We shall follow the explanation given by Stigler in discussing Cournot’s model.

Suppose two Firms each own a mineral spring whose water is much valued by customers. There are no costs of Production. Cournot proceeds to analyse the problem, subject to the assumptions mentioned above. Let the demand curve be P=I00-Q, and retain the condition of no Cost. In the case of Monopoly he maximises the total revenue, PQ (cost are zero)

TR = PQ = I00.Q – Q2

MR = I00 - 2Q (derivative of TR, wrt to Q)

Setting MR = MC, I00 - 2Q = O (MC = O),

2Q = I00, Q = 50 and P = I00 – 50 = 50

If there is only one producer, a Monopolist, his profit maximizing output is 50 and price is 50.

Using the same example, let us consider the case of Duopoly.

P=I00 - (QA+QB)

Step I. Let A set any output say, 40 which fetches a price of 60 (P = 100 – Q)

2). Then B will take A’s output as given, and seek the output that maximizes his (B’s) profits. The market for B will be the remaining part of the demand curve. In the case of a linear demand curve, the MR curve bisects the horizontal line drawn from the Price axis to the demand curve. Suppose a total demand curve (of both duopolists) is drawn and mark the A’s out put on the X axis and draw a vertical line to cut the demand curve. From that point of intersection, if we draw, MR curve (of B) it will cut the remaining part of the horizontal axis in to half. As Mc = 0, it is equal to horizontal axis. The profit maximizing output for B will be exactly half of the Competitive output. Hence the output of B will be ½ (100 - 40) = 30. The price in the Market is

100-(40 + 30) = 30

3). Then A sets his output to maximize his profits, on the assumption that B’s output will be 30. Then A will produce ½ (100-30)=35

4). It is now B’s turn. It will produce ½ (100-35)=32.5

5). Then A will produce 33.75; then B will produce 33.125 and so on

This is an infinite series. The final solution will be for each Duopolist to produce is 331/3 units, with a market price of 33 1/3. Output supplied by the two Duopolists is 2/3 of the total of I00.

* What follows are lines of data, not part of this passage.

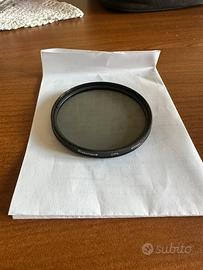 Filtro reporter CPL obbiettivi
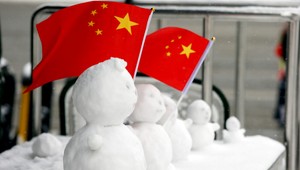 Čína si vyberá ekonomických partnerov do budúcna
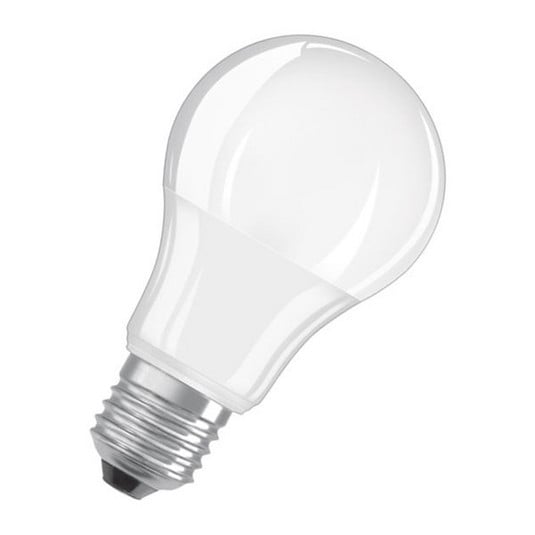 OSRAM LED lamp E27 8,8W 827 Superstar matt timmitav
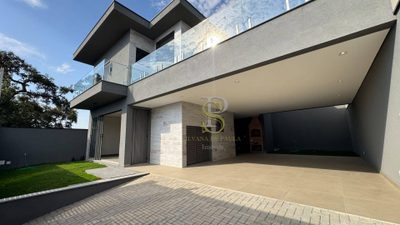Casa, 3 quartos, 177 m² - Foto 2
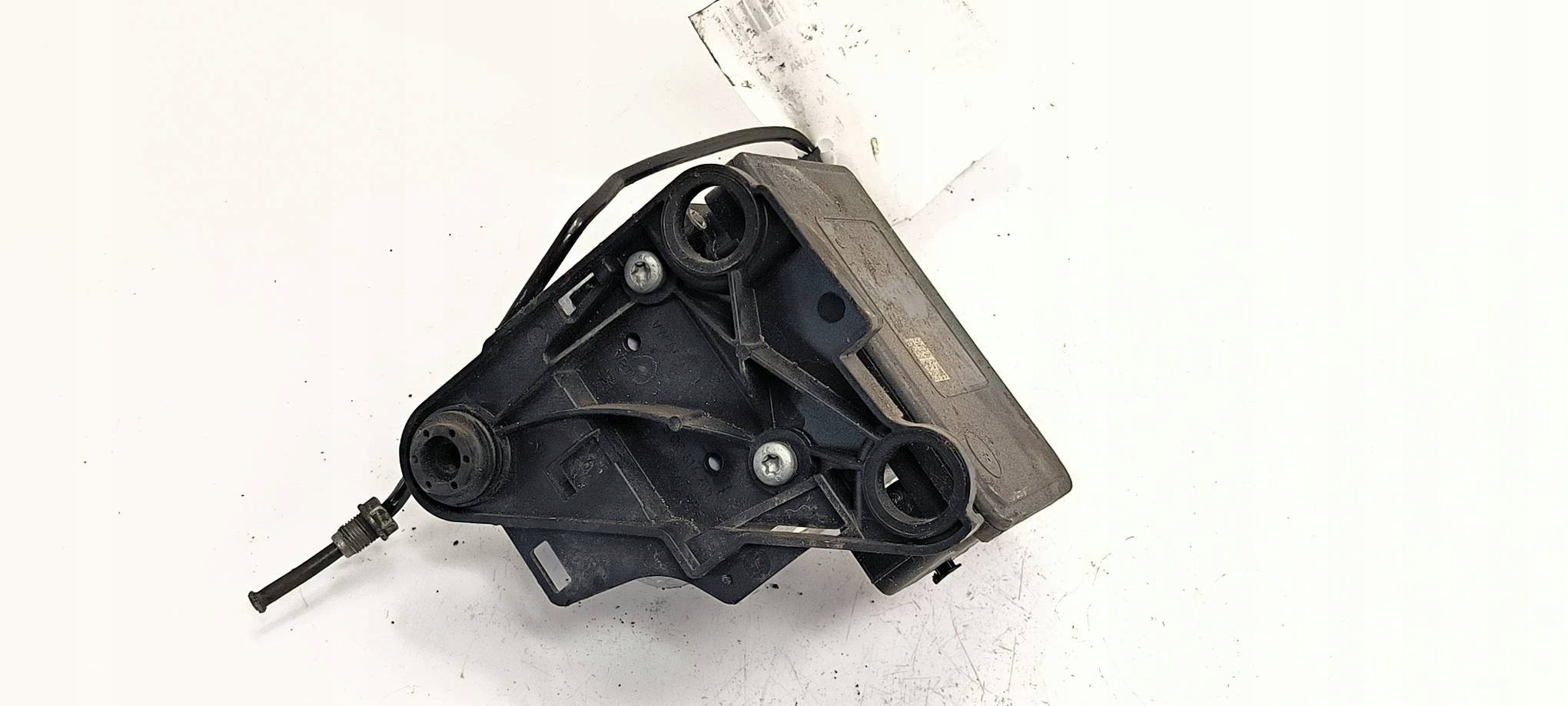 pump ABS brake 5Q0614517BJ VW GOLF VII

The Kinked Oligopoly Demand Curve

Paul Sweezy developed the Kinked demand curve model to explain the price rigidity under Oligopoly. The market situation contemplated by Sweezy is one in which rivals will quickly match Prices reductions, but only hesitantly and incompletely if at all follow price increases. This pattern of expected behavior produces a ‘kink’ at the existing Price.

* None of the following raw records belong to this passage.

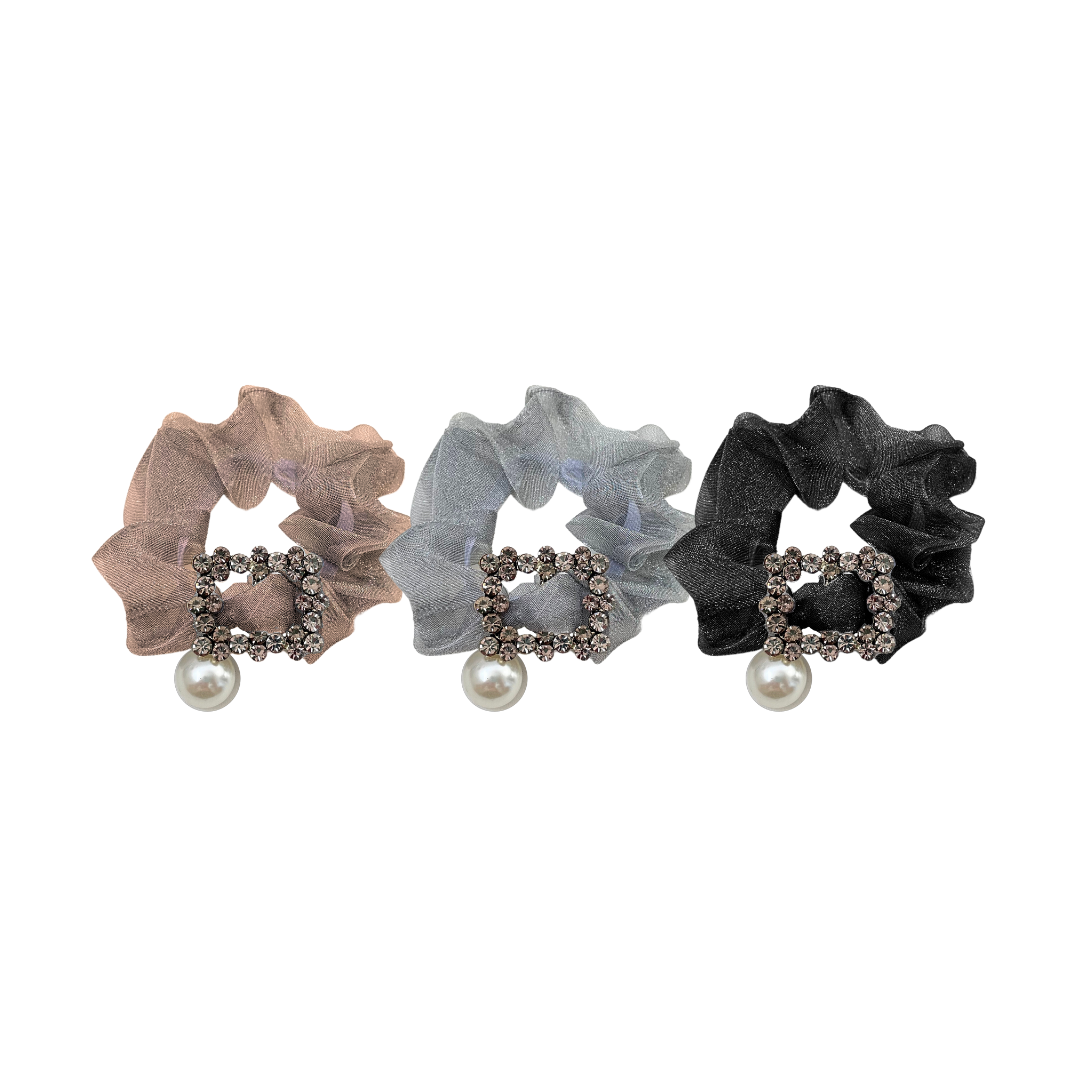 Allegro scrunchies online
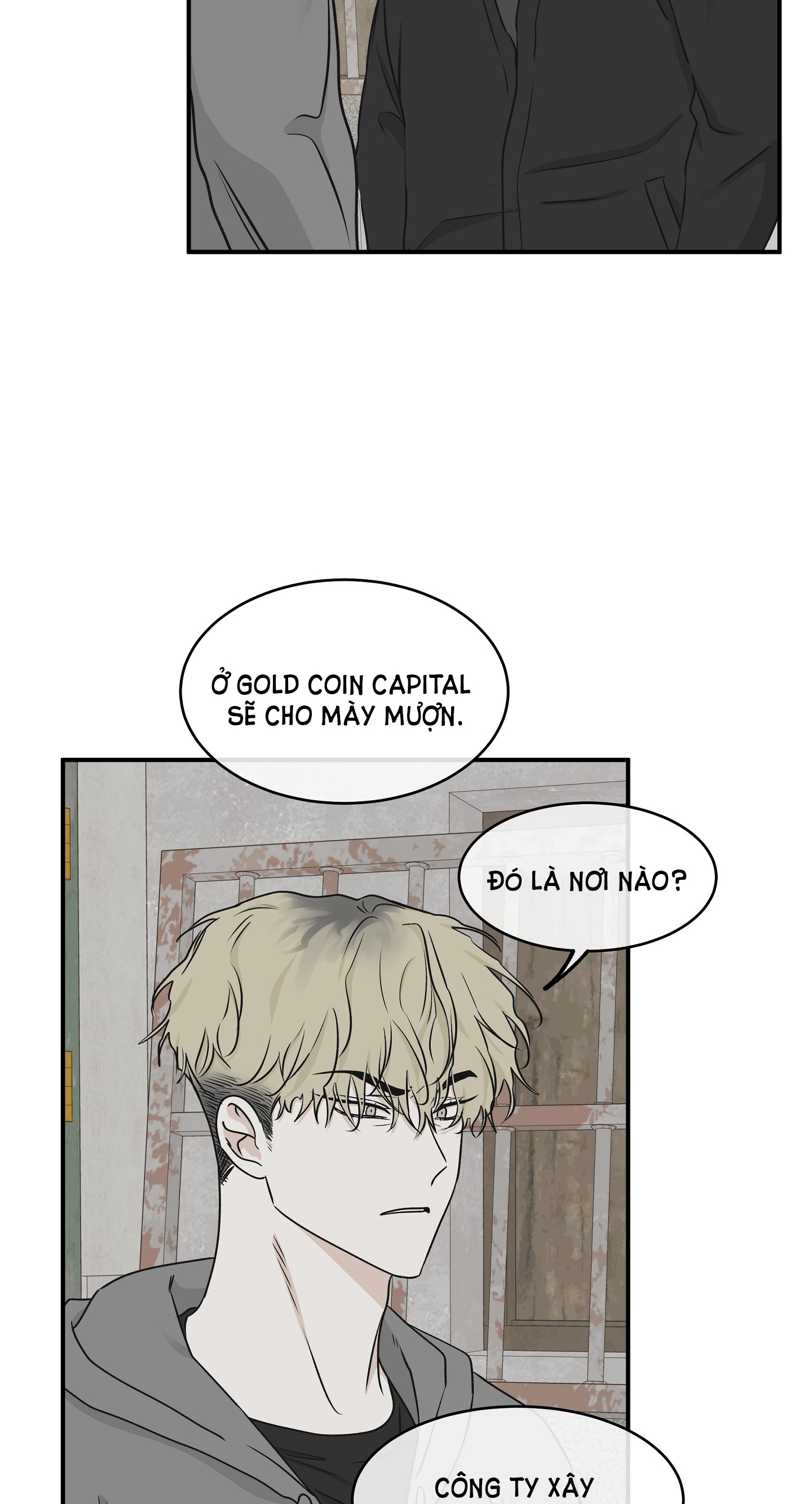 đêm bên bờ biển chapter 60 9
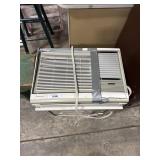 Panasonic Air Conditioner.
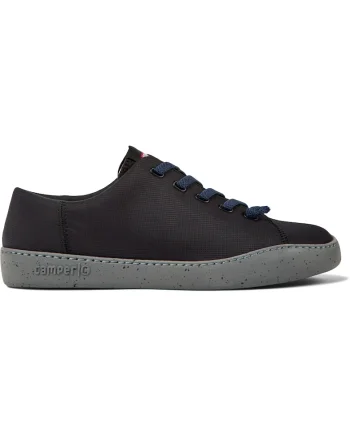 Pantofi sport low-cut Peu Touring 8763, Negru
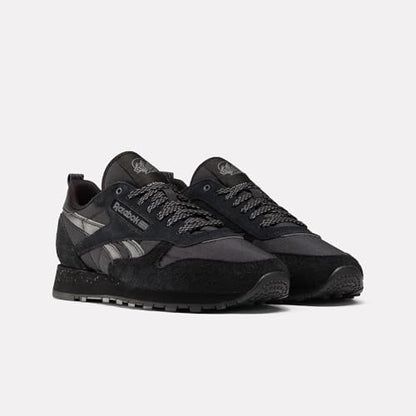 Reebok classic leather negro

There is no incentive for the Firm under Oligopoly to either raise the prevailing Price or decrease it. That is why Prices under Oligopoly remain stable. If the marginal Cost curve passes over the range of discontinuity of the marginal revenue curve. Output and Prices remain unchanged at the existing levels.

 

 

 

Stigler:

After a thorough analysis of empirical evidence, Stigler concludes that “evidence reveals neither Price experiences nor the pattern of changes of Price quotations that the theory leads us to expect”.

Other Models:

There are other models Duopoly & Oligopoly. In the Collusion model the two duopolists act in concert to maximize their joint profits. In this model maximization proceeds in the same manner as in multi-plant monopolists. A German Economist Stackel Berg developed a leadership-followership model of duopoly named after him. According to the Stackelberg model, a firm which is a follower behaves exactly as the Cournot firm. A leader takes advantage of the assumptions that the other firm is behaving as a follower. The Market shares model of duopoly assumes that one firm always wishes to maintain a fixed share of the market and the other firm is willing to let it so. In the Dominant firm model of Oligopoly the dominant firm sets the price for the product and other small firms who cannot have any influence on price will take the price set by the dominant firm as given and act as perfect competitors in determining their outputs.

In a real world situations, we come across other complex situations and pricing practices. There are multiple products, and Joint products. There are peak-load pricing of products, Full cost pricing and pricing of bundled goods. There is price discrimination for differentiated products under imperfect markets and there are different degrees of price discrimination.